The other difference is that the geographic reach of a base station is more important than densely packing base stations into an area to cover many simultaneous users. Alcatel is hoping to demonstrate its LTE base station working over a range of 20 miles, Madden said.
Alcatel said players in a number of vertical industries including health care, transportation and public safety have expressed interest in LTE. But this will be the first time Alcatel actually demonstrates LTE for an energy-sector application, Madden said.
Before it can move from tests to deployment, TEN will need radio spectrum licenses across the region. The company is now talking with several spectrum holders, Hughey said. The company plans to use paired spectrum, with one band for upstream and one for downstream traffic. It's not clear yet what spectrum TEN will be able to use, but the company would like to tap into the 700MHz band, the same range that Verizon Wireless plans to use for its LTE network, coming later this year. In general, the 700MHz band offers greater reach per cell site than higher bands.

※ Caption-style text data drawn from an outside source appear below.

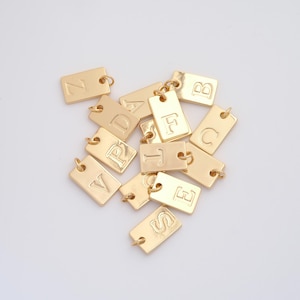 May include: Gold-colored rectangular charms with embossed letters of the alphabet. Each charm has a small loop at the top for attaching to a chain or bracelet. The charms are scattered on a white surface.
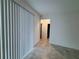 A living room area with tile floors and vertical blinds on sliding glass doors at 6300 Chirpine Ln, St Cloud, FL 34771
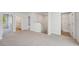 Spacious loft area with carpet and multiple closets at 11834 Rizvan Pl, Covington, GA 30014
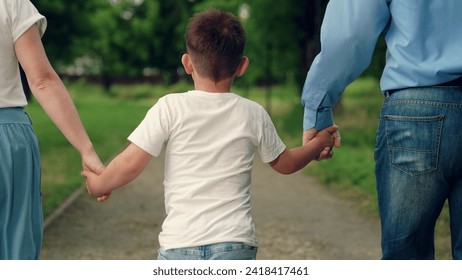 Child son walks with mom dad in park holding hands. Child, Mother, father, family runs. Happy family with baby boy walking outdoor, summer. Parents child run together, family weekend. Boy kid dad mom - Powered by Shutterstock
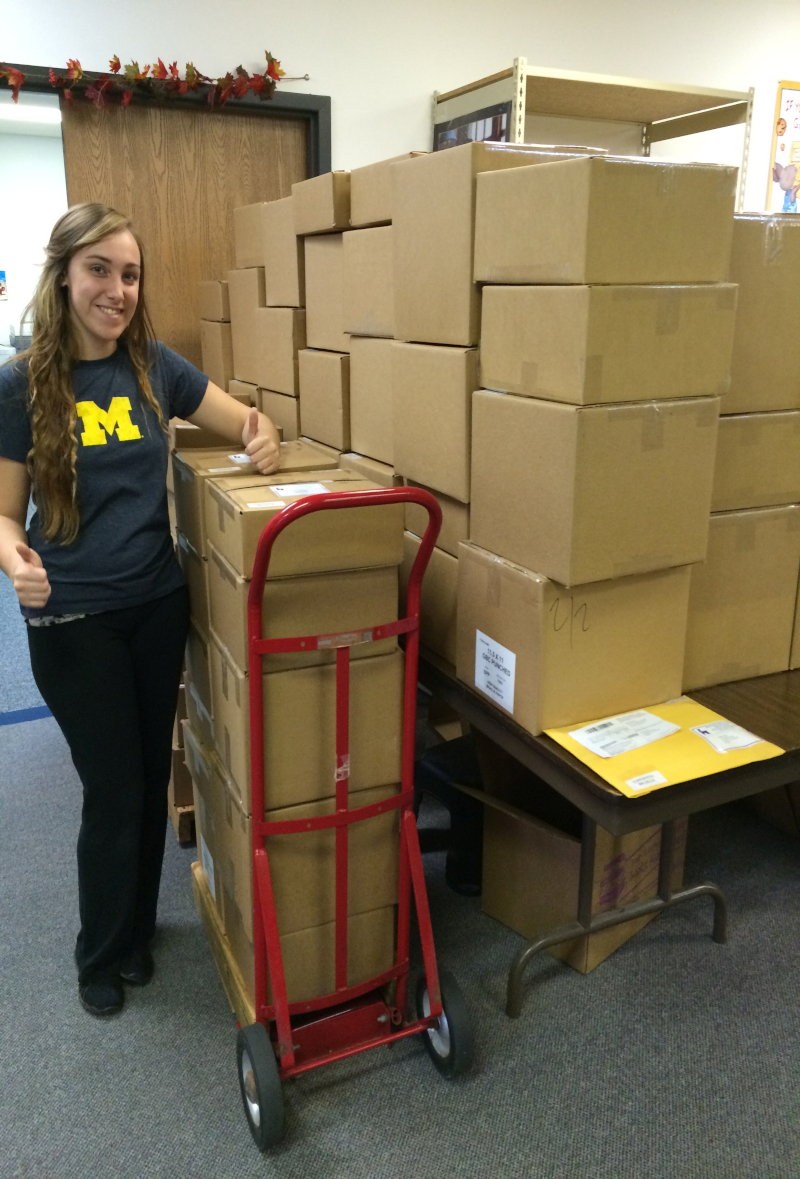 Seedlings' former employee, Katelynn, giving the camera two thumbs up while standing next to a table full of boxes of braille books.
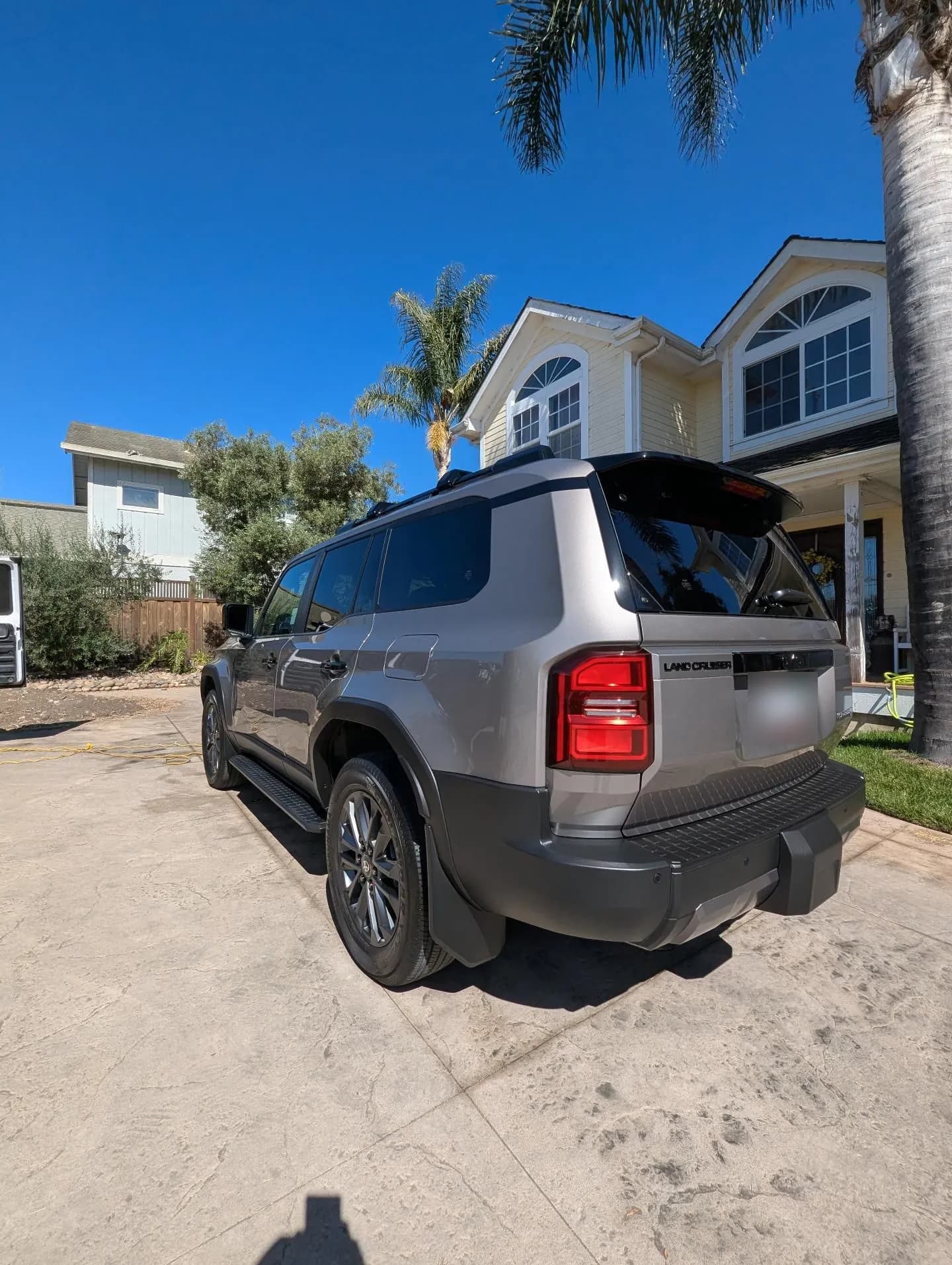 Rear of a gray Toyota Land Cruiser after a detail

Alcatel said it could adapt to different bands depending on where TEN gets its licenses. Alcatel wouldn't comment on how much bandwidth its equipment could deliver, saying that depends on how much spectrum TEN has.
If LTE works as expected and the frequencies are available, it will probably take between 12 and 18 months to roll out the network, TEN's Hughey estimated. The service provider hopes later to expand to other parts of the U.S. and potentially other countries.
However, the company remains focused on the oil and gas industries. If it does allow private residents of the Permian Basin to hop on to the LTE network, its service-level agreements with oil companies will have to come first, Hughey said.
"You wouldn't want somebody throwing a slingbox on there and taking bandwidth off the network," Hughey said.